I’ve been learning a new programming language the last few months, for the first time since the summer of 2009 when I spent a few months dabbling in Python. This time it’s Node.js, the popular new environment for writing high-performance internet applications and web servers.
If you’ve not heard of Node (I’m looking at you, Mom), you’ll probably want to stop reading at this point and go look at pictures of our dogs instead.
Here are a few of the resources that I’ve found useful for learning about both the syntactical and philosophical aspects of Node …
First off, if you don’t already have it you’ll need to install Node. You can find all the latest versions and instructions for the (extremely simple) installation process on the Nodejs.org web site. A note for Windows users: if you see references to running Node under Cygwin, that’s the old unsupported approach. Now you can simply install Windows binaries from Nodejs.org, no Cygwin required.
An important resource to know about is the documentation on Nodejs.org. Documentation is available for many different releases, and you can see all of the versions on this page. Note the link at the top of that page to the latest version. That’s what you want if you’re new to Node, and you need to be careful when you follow links that other people provide to documentation of Node APIs. Some people have hard-coded links to specific versions of the documentation (I’ve seen a link to version 0.6.0, for example), and you can waste a lot of time trying to debug code running in version X while you’re referring to documentation of an incompatible version Y. As long as the URL has docs/latest in it, you can be sure you’re looking at the documentation for the current release.
After you have Node installed and know how to look things up in the documentation, it’s time to learn a bit about how to use this shiny new tool in your toolbox. Node is great for some things (real-time web apps, single-page apps), but it’s not for everything. You can find on Youtube a good video overview from Ryan Dahl, the inventor of Node.js, that can help you understand the thinking behind Node. Mikeal Rogers also has a well-known post on “The Way of Node” that outlines a set of guiding principles for Node developers. Another outstanding resource is HowToNode.org, which is run by Tim Caswell, community manager at Cloud9.

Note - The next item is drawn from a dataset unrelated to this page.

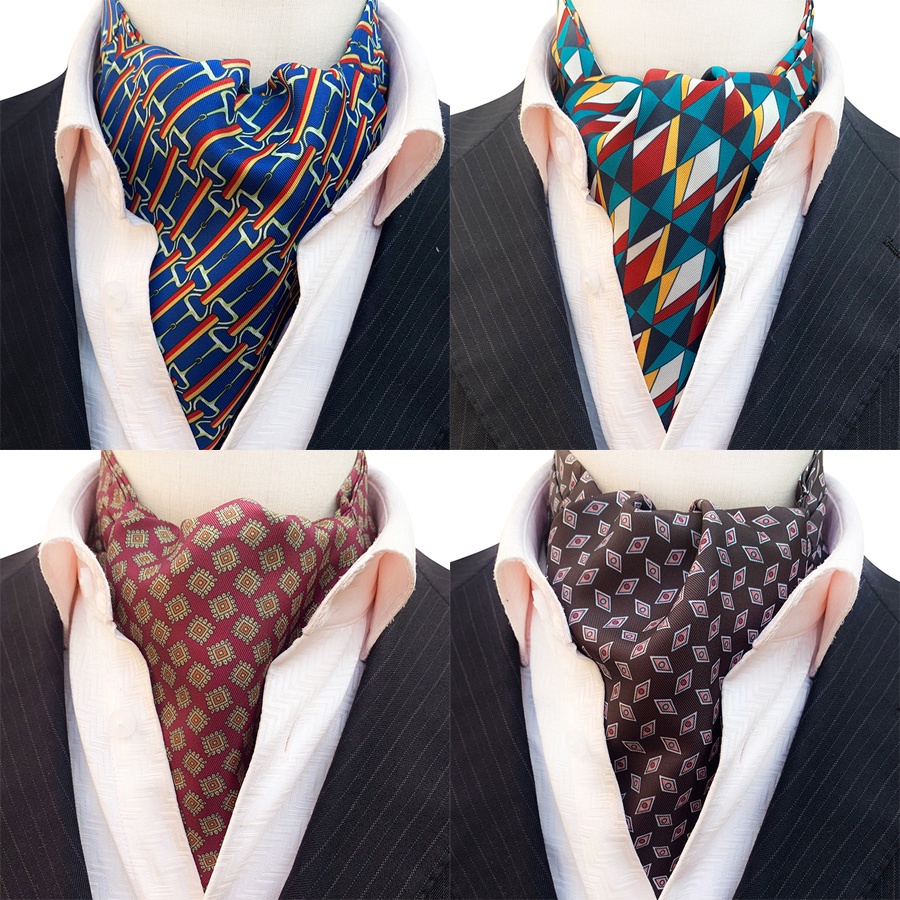 ผู้ชายวินเทจอย่างเป็นทางการ Cravat Tie ผ้าไหม Polka Dot ดอกไม้ลายสก๊อตและตรวจสอบ Scrunch Self สไตล์ Jacquard Ascot เนคไท Neckwear สําหรับธุรกิจ Party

Finally, one other resource is not free, but I’ve found well worth more than the $7.99 cost: the Node.js Bundle from LeanBundle. Both books are provided in PDF and Kindle format.
For an old-timer like me (let’s just say I still remember the buzz of Fortran-77 being the shiny new programming language), there are some things to instantly love about Node. Installation is fast and simple (and free), and the Node interpreter is a single executable that you can fire up and immediately start typing statements in a command window (or REPL). You can also type Node myprogram.js at your OS’s command prompt to run your masterpiece. I have Node installed on my Windows, Mac and Linux machines, and the development experience is roughly the same on all three. Well, different text editors of course, but that’s a whole other area of passionate disagreement among developers so let’s not go there today.